Electron micrographs and x-ray diffraction patterns of crystals of ribulose bisphosphate carboxylase, probably the most abundant protein on earth, have provided new details of the arrangement of subunits. The eight large subunits and eight small subunits are clustered in two layers, perpendicular to a fourfold axis of symmetry. Viewed down the fourfold axis, the molecule is square-shaped.

Fig. 1

(A) Three-degree kh0 precession photograph, 30-minute exposure. (B) Same as (A), but 4-hour exposure. In (A) the strong, low-order reflections form a pseudo lattice (1/162 Å by 1/162 Å). In (B) the pattern extends to 14.8 Å and reveals the true lattice dimensions (1/230 Å by 1/ 230 Å). The photographs were recorded as described (4). The scale is the same for (A) and (B). (C) Optical diffraction pattern from the circular region in Fig. 2A, with an exposure time of 0.125 second. The low-order reflections form a 1/162-Å square lattice. (D) Same as (C), but with an exposure time of 8 seconds. The true lattice dimensions (1/230 Å by 1/230 Å) are revealed by the presence of weak reflections (indicated by arrows) appearing at centered points in the pseudo lattice.

Fig. 2

(A) Electron micrograph, recorded by methods described (4) of a thin form II RuBPCase crystal revealing a square array of molecules separated by dark strips of stain. The circular area outlined at the lower left was fmiher processed by optical diffraction and filtering. The scale bar represents 100 nm. The packing scheme proposed in the text implies that this micrograph does not accurately portray the distribution of protein (stain excluding material) in the projected structure. If an integral number of unit cells is evenly contrasted by stain, then the “obscured” molecules (C) should appear half as bright as the clear molecules (A) and (B), and the intensity of the 162-Å (1, 1) reflection should be less than the 115-A (2, 0) reflection (Fig. 1D). This is not true in Fig. 1. Other platelet micrographs in which the crystal is contrasted more evenly and optical diffraction patterns show that the 2, 0 type reflections are more intense than the 1, 1 type reflections. Unfortunately these other micro-graphs are confusing because of superposition of additional layers of molecules. (B) The enlarged region shows detail in individual molecules. One unit cell (230 by 230 v̄_s) is outlined. Circles indicate defects in the crystal where presumably single molecules were either lost or excluded during crystal growth. Faint images of molecules do appear in these positions, indicating that the strong molecular images arise from superposition of more than one molecule (9). (C) Same as (B), but the print was underexposed to reveal the additional molecules obscured by the strips of stain (arrows point to two of these). These obscured molecules are squarish, and in projection are positioned among the four clear molecules situated on the 162-Å square lattice.
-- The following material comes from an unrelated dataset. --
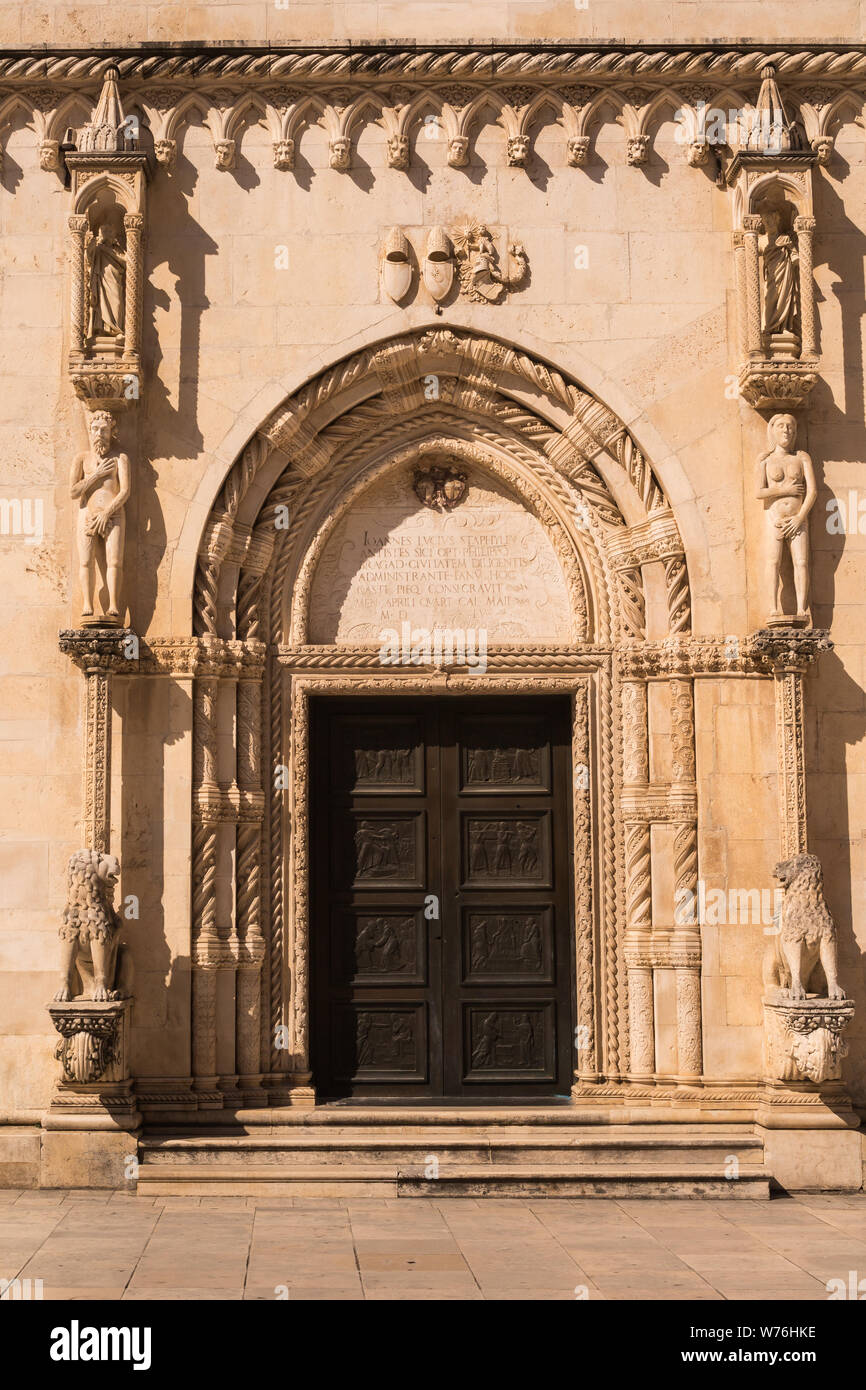 Porta laterale di San Giacomo cattedrale, costruita in stile gotico-rinascimentale. Ornano le pareti in pietra. Patrimonio Mondiale UNESCO. Sibenik, Croazia. Foto Stock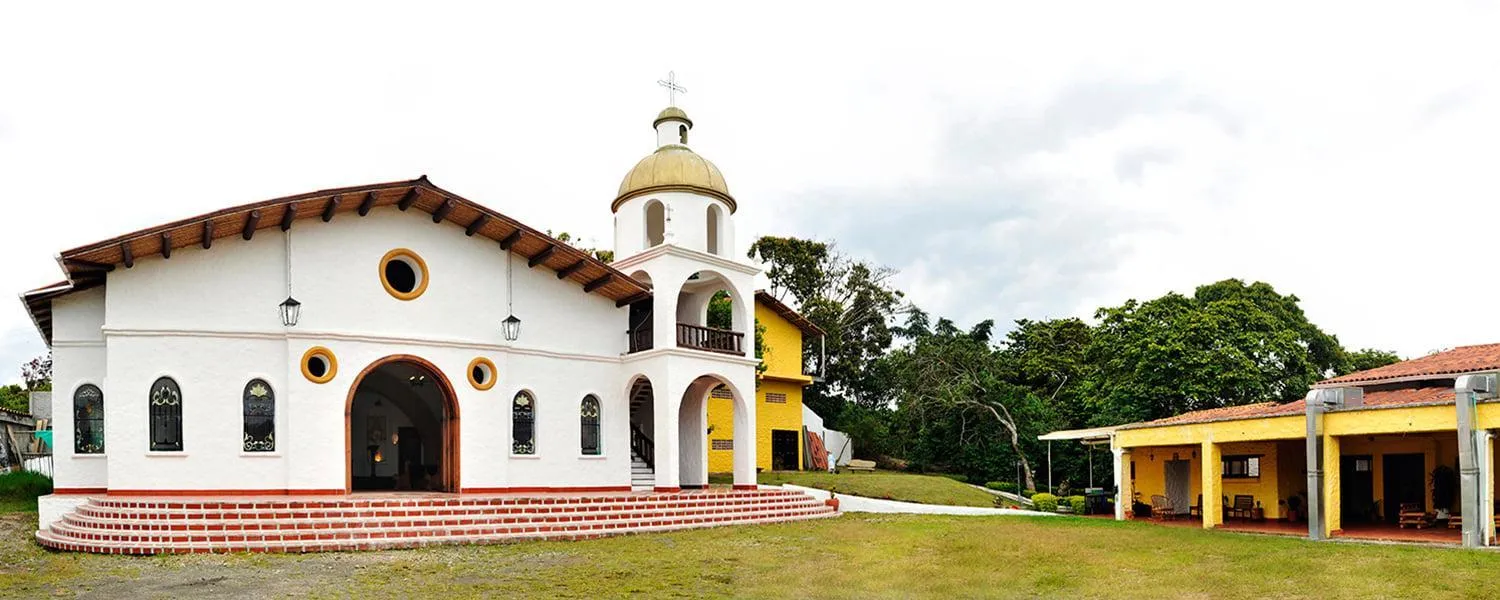 Property building in San Agustin Internacional Hotel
There is little indication for stain excluding material in the region between clear molecules.

Fig. 3

Optical reconstructions from an identical region of the micrograph in Fig. 2: (a) unfiltered reconstruction; (b) enlarged region of the filtered reconstruction; (c) same as (b), but the print is underexposed to show the filtered appearance of “obscured” molecules. Filtering was accomplished by allowing all reflections on the 1/230-Å lattice to pass through holes etched in a copper mask positioned in the transform plane of the diffractometer. The size of the holes (0.2 mm) was selected so as to produce a reconstruction in which one filtered unit cell results from averaging the information contained in approximately 24 molecules. In (b) and (c), the averaged molecules are seen, and the arrow in (b) points to a spike at the corner of a molecule.

Fig. 4

Packing of RuBPCase molecules in crystal form II. Each molecule contains eight large and eight small subunits, arranged in symmetry D₄ (422). Large subunits are represented by large spheres, and small subunits by small spheres. The positions of the small subunits are conjectural. (a) View of crystal parallel to the c-axis. Light molecules correspond to the “clear” molecules of Fig. 2 and shaded molecules to the “obscured” molecules. (b) View of crystal parallel to the a-axis.